In each edition of web_crawlr we have exclusive original content every day. On Saturday our Video Producer Kyle Calise explores the origins and history of the most iconic memes online in his “Meme History” column. If you want to read columns like this a day before everyone else, subscribe to web_crawlr to get your daily scoop of internet culture delivered straight to your inbox.
While in the real world, the science on climate change is, believe it or not, settled, in Westeros, we still don’t know why winter is coming—only that it is. While all of us are waiting for that answer (which may never come), there are a lot of memes to be shared.
Winter Is Coming origins
This is a Google Trends graph. It measures how many times the same word or phrase has been searched over a given period of time. At 100, we have the peak search interest, and at 0 we have 0 searches. For most memes, we see one or two peaks, but this one climbs almost to the same point every year.
Why? Winter is actually coming.
It’s hard to imagine a time before Game of Thrones was hated for heroically disappointing us all in its final seasons, and before that when it was first loved by everyone from bookworms to snow artists.

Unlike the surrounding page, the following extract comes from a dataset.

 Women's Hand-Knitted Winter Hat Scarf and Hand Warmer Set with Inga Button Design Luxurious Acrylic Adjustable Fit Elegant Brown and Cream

But the original “Winter is Coming” post doesn’t actually feature Ned Stark.
According to Know Your Meme, it featured an owl, which was posted to Quickmeme in July of 2011. The following month, there was a 5.8 magnitude earthquake in Virginia, prompting the first usage of this image.

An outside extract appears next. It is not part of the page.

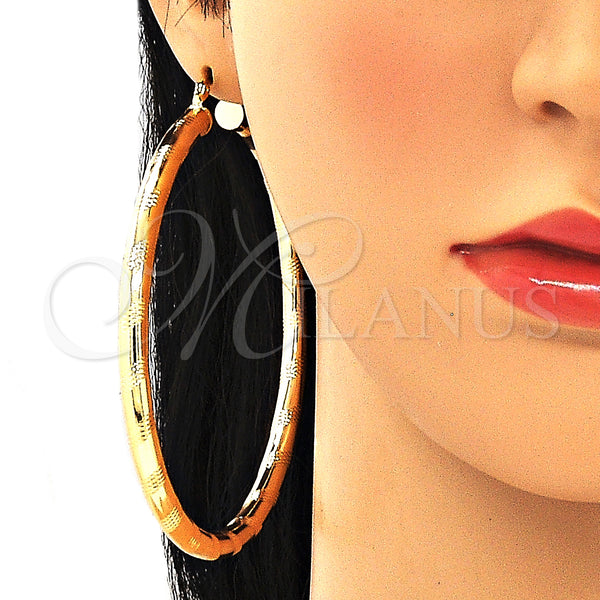 Gold Filled Hoop Earrings — Extra Large Hoop Hollow Design Diamond Cutting 02. — alternate product view — SKU 132813 | Oro Laminado aretes de aro — Extra Large Hoop Hollow diseño Diamond Cutting 02. — SKU 132813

It’s an important moment in the history of this meme, because this is actually where we get the first instance of the meme’s top line.
Although it sounds like something Ned Stark would say, if you read George RR Martin’s original novel, A Game of Thrones, no one ever says “brace yourselves.” And if you watch the show, no one says it there either—only ever the house Stark motto “Winter is Coming.”
Spread of Winter Is Coming
The original meme is probably laid out slightly differently than you know it today, but by the end of the summer of 2011, new image templates were popping up all over Quickmeme, Reddit, and Tumblr, and users were creating and posting them everywhere—often under the title “Imminent Ned.”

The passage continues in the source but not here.